Brierley and colleagues first described the clinical and pathological findings of LE in three patients in 1960 [2], with evidence of inflammation of the limbic structures, particularly the hippocampus and amygdala. This disease generally has two underlying etiologies, paraneoplastic and autoimmune. LE diagnosis requires radiological or pathological evidence of inflammation of the medial temporal lobes and the presence of well-characterized autoantibodies. Seronegative LE is a subgroup of encephalitis with suspected immunological pathology in the absence of any identifiable pathogenic autoantibodies [3].
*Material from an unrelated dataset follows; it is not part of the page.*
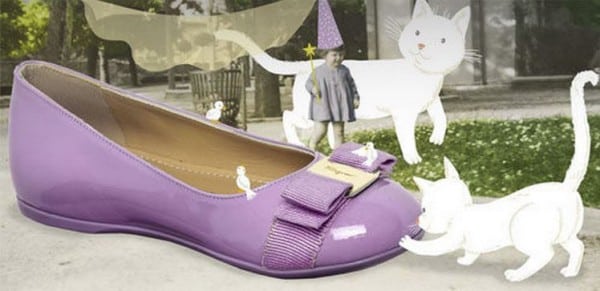 scarpe bambina Ferragamo Mini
Despite being previously reported in literature, it is still underdiagnosed, and management is usually delayed for months. Herein, we report a case of a 33-year-old woman who presented with subacute amnesia secondary to seronegative LE. We augmented our case with an updated review of the literature.

Case presentation

A 33-year-old Kuwaiti woman, with no relevant past medical or psychiatric history, presented to our clinic with a 6-month history of progressive memory loss. Initially, the patient developed subacute onset of short-term memory loss that was mainly noticed by her family and coworkers. The condition was associated with depressed mood, insomnia, crying attacks and back pain, with no other associated neurological complaints. She was evaluated by a local psychiatrist who diagnosed her with major depressive disorder (MDD), and started her on antidepressant medication (vortioxetine 10 mg/day). Within the next month, the dose was increased to 20 mg per day and a benzodiazepine (alprazolam 0.5 mg/day) was added. The depressed mood and insomnia showed improvement, but her memory loss progressed.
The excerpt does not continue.